> _Problem description_
Exactly the lines from the one with "图片来源：央行宁波市中心支行官网" through the end of the data below must be set down, and no pictures with them.

> _Data extract_
★ ★ ★ ★ ★ ★ ★

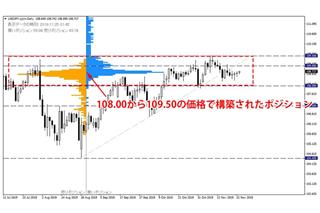 ドル円は不安と期待が交錯　米中関係で方向感探る展開が続く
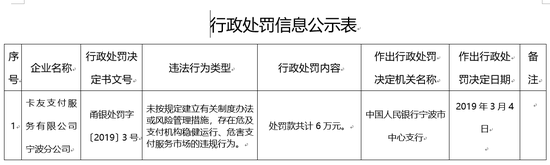 图片来源：央行宁波市中心支行官网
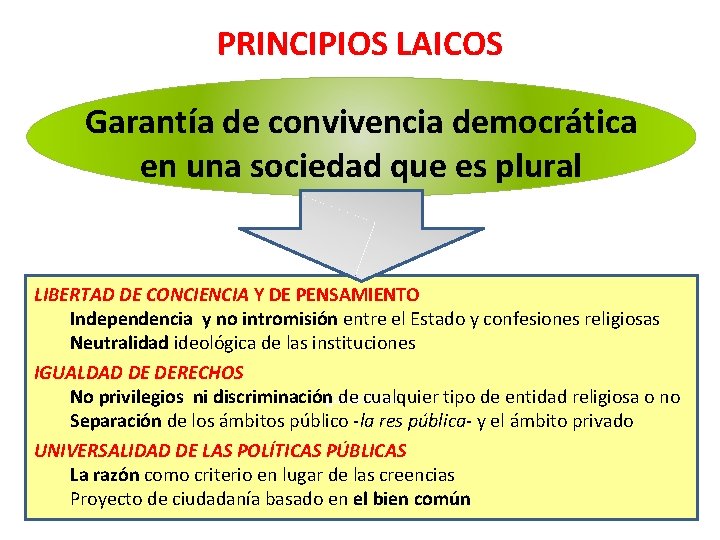 PRINCIPIOS LAICOS Garantía de convivencia democrática en una sociedad que es plural LIBERTAD DE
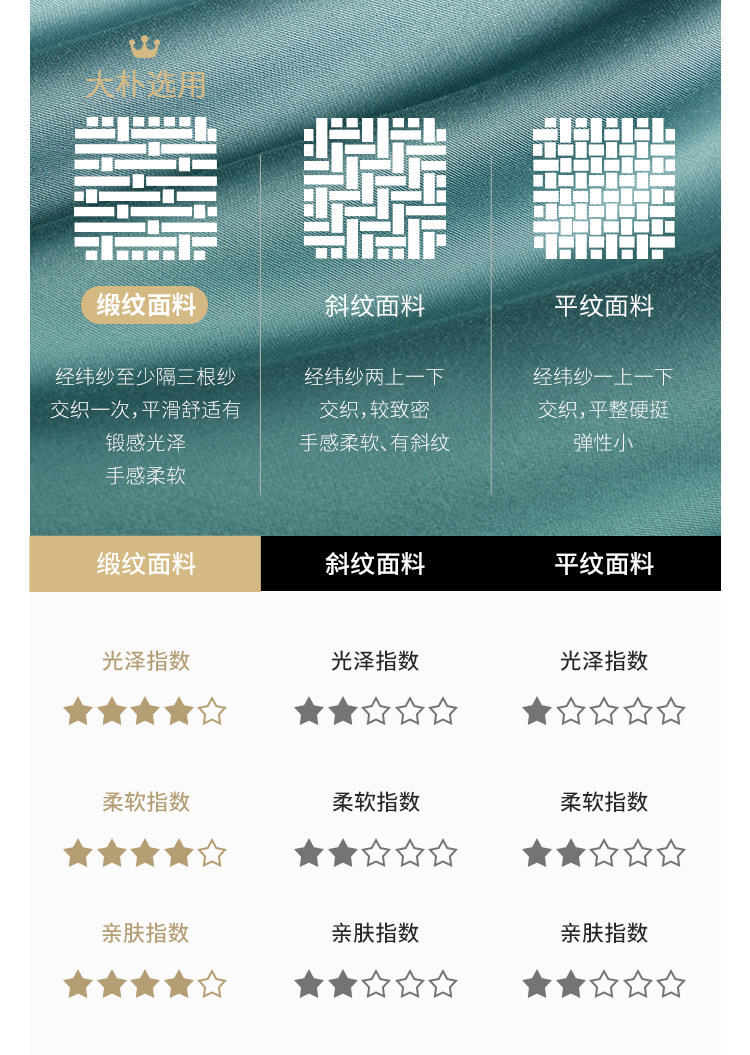 大朴 A类安全等级 60支纯棉缎纹 纯色床单 天猫优惠券折后￥99起包邮（￥219-120） 1.2~1.8米多色可选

★ ★ ★ ★ ★ ★ ★

> _Response area_
 图片来源：央行宁波市中心支行官网
 PRINCIPIOS LAICOS Garantía de convivencia democrática en una sociedad que es plural LIBERTAD DE
 大朴 A类安全等级 60支纯棉缎纹 纯色床单 天猫优惠券折后￥99起包邮（￥219-120） 1.2~1.8米多色可选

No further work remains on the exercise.